Statistical analysis

Post hoc comparisons were performed for age, number of CAG repeats, gender, DBS, the measures of disease severity and time intervals between repeated sampling for premanifest and manifest HD subjects in the first and second sampling sets, respectively. For variables not significantly different from normal distribution, Welch’s t-test was used, otherwise the non-parametric Mann-Whitney test was used. The Shapiro-Wilks Normality test was used to assess normality of variables. For the categorical variable gender, a Chi-squared test was used. To compare symptom severity before and after follow-up, paired t-tests were performed comparing the HD symptom metrics including DBS at the first and second sampling occasions. A p-value lower than 0.05 was considered statistically significant.

In order to eliminate age as a confounder, age was corrected for using linear detrending based on only controls. The controls had been selected to completely span the age distribution of all mHTT carriers. Metabolic features with a significant age dependence (p-value < 0.05) were corrected by fitting a linear regression model (R function lm) for each metabolic feature in the controls, with age as the explanatory variable. The age coefficient was extracted from the model and used to correct the metabolic levels in all individuals26.
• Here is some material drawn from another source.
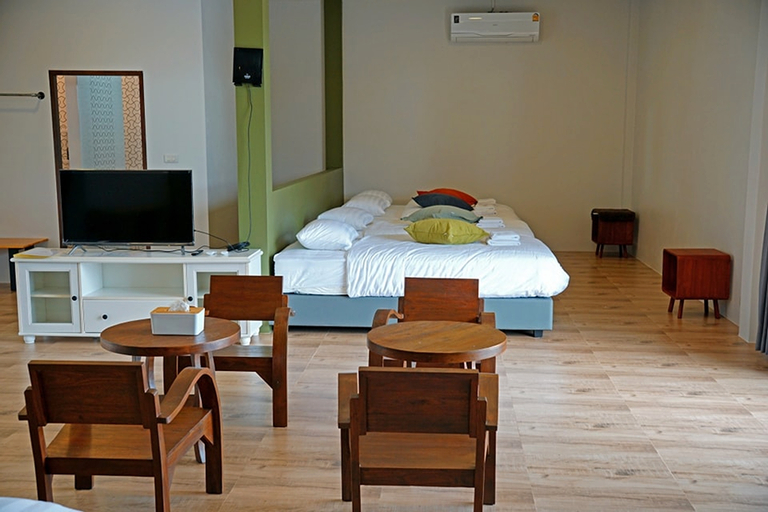 Bedroom 30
Principal component analysis (PCA) was performed using the function pca from the R package mixOmics27 using all metabolic features. To specifically target inter-group differences, supervised multivariate analysis using partial least square discriminant analysis (PLS-DA) was performed on identified metabolites. The data was scaled (zero mean, unit variance) and three PLS-DA models were trained on the first sampling set, comparing two groups at a time using the R package ropls28. The most significant variables were obtained using the “Variable Importance in the Projection” (VIP). To assess model performance the quality metrics R2 and Q2 were extracted and the area under the receiver operating characteristic (AUROC) curve was computed using the R-package pROC29. To ensure reproducibility, VIP scores and AUROC values including the receiver operating characteristic (ROC) curves were collected through a 5-fold cross-validation (CV) repeated ten times, where the number of components were fixed to one. Briefly, the 5-fold CV divides the data into five balanced groups using stratified sampling. Four of these groups are used for training the model, while the fifth is used for validation and performance estimation. The procedure is repeated five times, so that each group may act as validation set. Variables with an average VIP score above 1.0 were seen as significantly altered and subjected to a Welch’s t-test, accounting for unequal variance and unequal sample size. The p-values were adjusted for multiple comparisons using false discovery rate (FDR). A FDR value < 0.1 was considered significant. Finally, paired t-tests were done comparing the longitudinal first and second samplings of premanifest and manifest HD subjects respectively. A p-value < 0.05 was considered statistically significant.

Altered metabolites (VIP > 1.0) with an available HMDB code from each model were separately subjected to a pathway analysis using MetaboAnalyst30 and the Homo sapiens pathway library. The significance levels were based on the hypergeometric test and the relative-betweenness centrality was used to compute the pathway impact. A FDR value < 0.1 was considered statistically significant.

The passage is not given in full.